Insomma, un adattamento forte di una storia di genere, che va ben oltre la media. Forse non il Fincher più artistico ma, data la desolazione qualitativa di questo giro di nomination agli Oscar, avrebbe meritato di più.
Considerandolo come il secondo remake del libro
Tutto è opinabile. E’ vero. Però guardiamoci in faccia: la versione svedese di questo libro è praticamente un film tv. L’estetica, la banalizzazione dei contenuti più morali della pellicola, la gigioneria di quel Mikael, l’attenzione concentrata esclusivamente sull’indagine, anche un certo calcare la mano sugli aspetti più freak di Lisbeth. Da quelle parti di film veramente valevoli ne fanno, ma questo non è il caso. E’ un la ragazza del lago svedese, che sale di un gradino grazie alla capicità di Noomi Rapace di non gettare alle ortiche un personaggio così fuori standard, donandogli un’umanità inaspettata.

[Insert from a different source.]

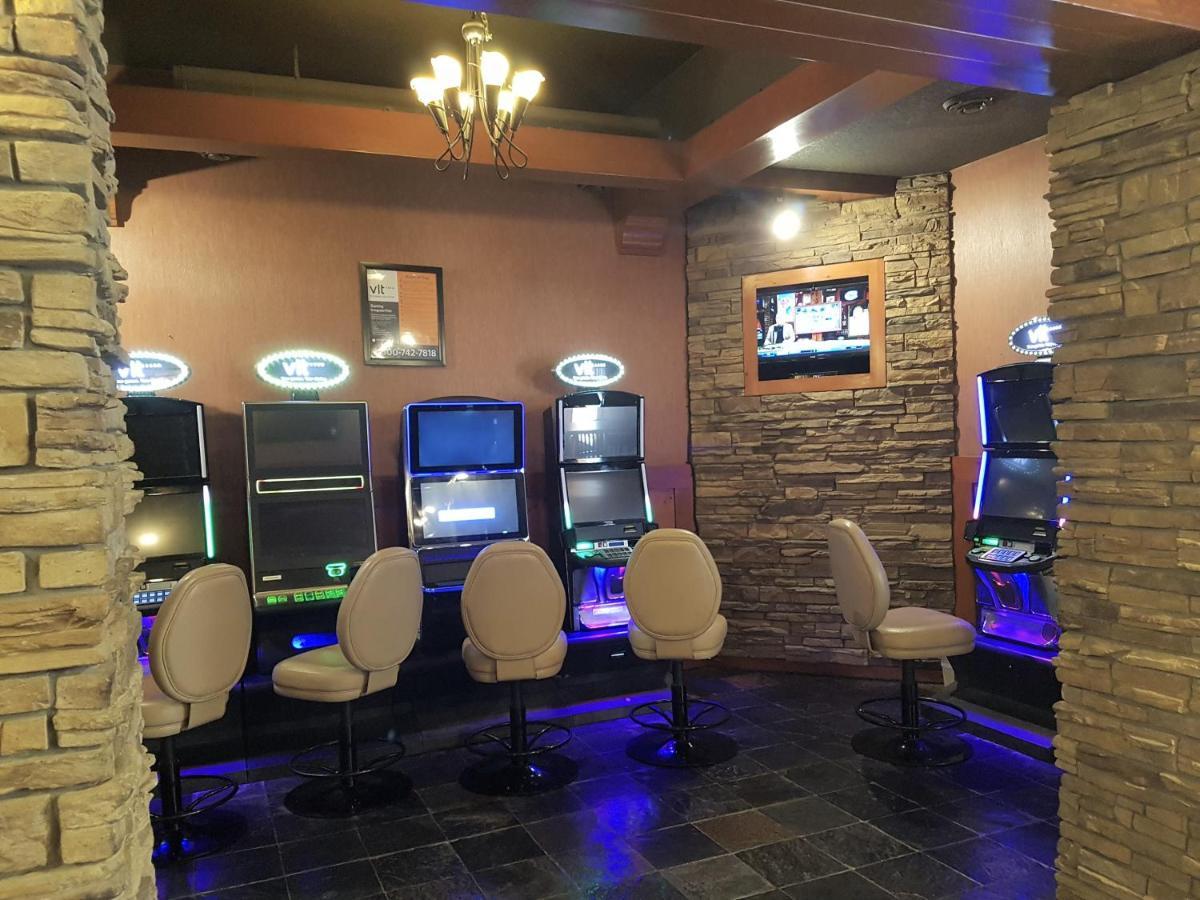 Inn Twin Pine & 2*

Se poi ragioniamo sul metro dell’adattamento migliore su scala cronologica, allora è inutile che ne discutiamo.
Se c’e’ un film che rende giustizia con interezza non al risvolto giallo, ma ai temi della scrittura di Larsson, è quello di Fincher. Aggiungiamoci una realizzazione più elegante e degli interpreti sempre azzeccati, anche tra i comprimari. Daniel Craig è una star hollywoodiana, ma sul Mikael figazzo un po’ sciupato dalla vita solitaria post divorzio, guidato dalla sua moralità assoluta che fa breccia nel cuore di ogni svedese, beh, non mi pare ci sia storia.

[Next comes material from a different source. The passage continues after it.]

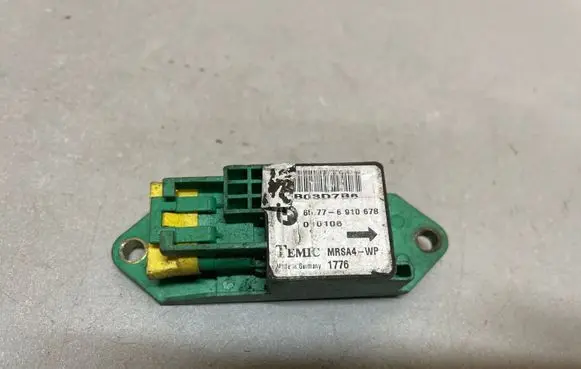 BMW 5 E39 Airbag deployment crash/impact sensor 6910678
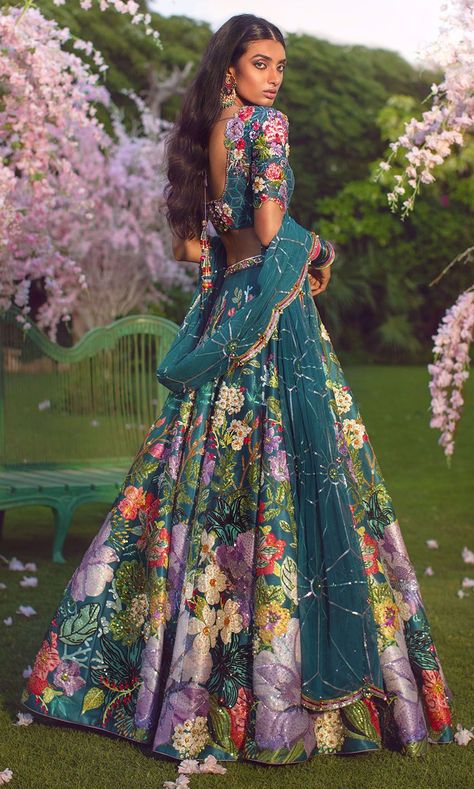 Jungle Outfit, Coral Outfit, Jungle Dress, Nomi Ansari, Different Wedding Dresses, Make A Dress, Wedding Dresses Indian, Indian Outfits Lehenga, Trendy Prom Dresses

Sulla questione del non vederlo perché la violenza nei film mi fa impressione e Fincher è misogino quindi sarà ancora più violento… per me è un ragionamento al limite della fantascienza. Soprattutto considerando il fatto che la pellicola svedese, a conti fatti, non taglia niente e anzi, mostra di più nella tanto vituperata scena dello stupro. Sotto quel punto di vista i film si equivalgono, anzi, Fincher glissa chiudendo una porta e lasciando al solo audio il compito di agghiacciarci. Ovvio che se si specula su una pellicola considerando i propri ragionamenti non come ipotesi ma come certezze fondate sul nulla, è inutile discuterne. Infine sulle polemiche riguardanti l’atmosfera plumbea della pellicola di Fincher, come se la materia iniziale fosse neutra e ambientata in quel di Capri, vi grazierò di ulteriori commenti.

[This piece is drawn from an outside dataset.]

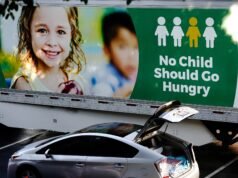 Con i tagli ai benefici alimentari incombenti negli Stati Uniti, i californiani tengono d’occhio le tasse miliardarie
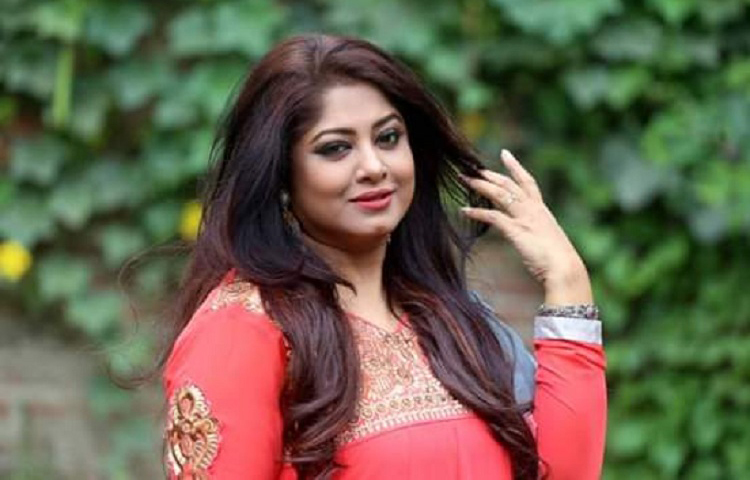 মৌসুমীর বাবা নাজমুজ্জামান মনি ও মা শামীমা আখতার জামান।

Lo vado a vedere? Sì, se hai voglia di un buon film basato su un cold case piuttosto intricato e supportato da un ottimo lato tecnico e interpretativo. Ci shippo qualcuno? Mh, non è questo il punto. Coefficiente viuleeenza? A patto di non essere troppo impressionabili, non vi turberà la coscienza. A meno che vi infastidiscano le scene di nudo. Ma allora che ci state a fare qui? XD
Conferisco al film una di gradimento personale come roba che avrei voglia di rivedere subito. E per i guardaroba da svenimento con cui hanno rifinito Daniel Craig.